COLES will pay $11.25 million in fines and costs but could end up paying more than double that refunding its suppliers, after a court agreed to the supermarket giant’s settlement with the competition watchdog.
Federal Court judge Michelle Gordon said Coles had engaged in illegal and unconscionable conduct in its dealings with suppliers, including demanding payments that it was not entitled to fill its own profit gaps and threatening commercial consequences.
Justice Gordon had suggested last week that the settlement with the Australian Competition and Consumer Commission had not involved severe enough penalties but ultimately accepted it, saying today she had taken Coles’s admission of wrongdoing into account.
The $10 million in fines applies to Coles’ treatment of suppliers involving 15 instances and eight suppliers in which it breached consumer law.
Coles had threatened suppliers with commercial consequences, including not granting future contracts or promotion of products, if it was not paid to fund a supply chain improvement program or fill profit gaps.

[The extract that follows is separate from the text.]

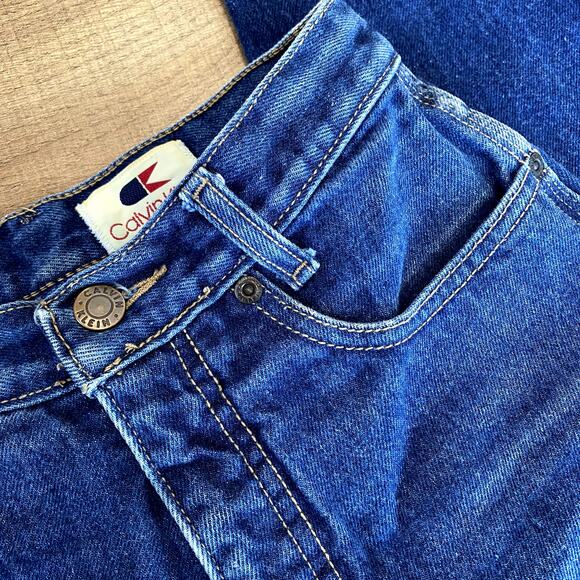Vintage 80's Calvin Klein Women's High Rise Straight Leg Jeans 7x32 - Picture 11 of 16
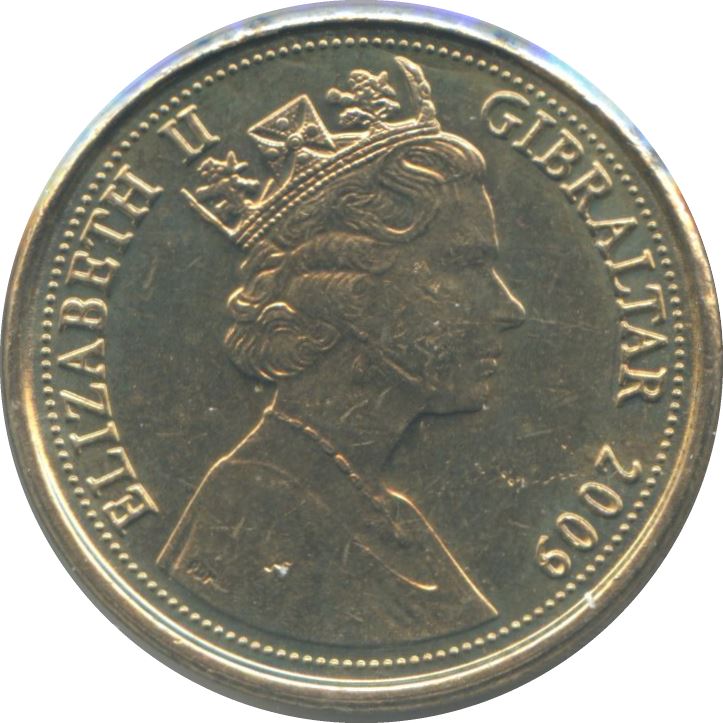 Gibraltar | 1 Pound | Queen Elizabeth II | Neanderthal Skull | KM1091 | 2005 - 2011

More than 200 suppliers will now potentially be able to seek refunds from Coles over extra payments that were demanded to fill gaps in profit, related to Coles squeezing suppliers when it felt it had not made enough of a profit on products for various reasons such as poor sales, discounts or waste.
Justice Gordon has strongly criticised Coles, saying its misconduct was “serious, deliberate and repeated” and that it misused its bargaining power.
“It was contrary to conscience,” she said.
“Coles treated its suppliers in a manner not consistent with acceptable business and social standards which apply to commercial dealings.
“Coles demanded payments from suppliers to which it was not entitled by threatening harm to the suppliers that did not comply with the demand.
“Coles withheld money from suppliers it had no right to withhold.”
She noted that Coles now admits that its conduct was contrary to law and involved serious breaches.
Coles Managing Director John Durkan repeated last week’s apology.
He said the company “unconditionally apologises and accepts full responsibility for its actions in these supplier dealings.
“Since these incidents occurred in 2011, Coles has taken many steps to both improve its relationships with suppliers and help its suppliers grow,” he said.
The ACCC’s court documents, released earlier this year, included evidence of internal emails from Coles executives detailing an annual “profit day”, in which staff were pushed to squeeze suppliers for payments to fund profit gaps.
Launching the second of two legal cases in October, ACCC chairman Rod Sims described Coles’ conduct as unconscionable, a misuse of market power and unfair profit shifting from suppliers to the supermarket giant.
Coles is the second largest retailer of grocery products in Australia.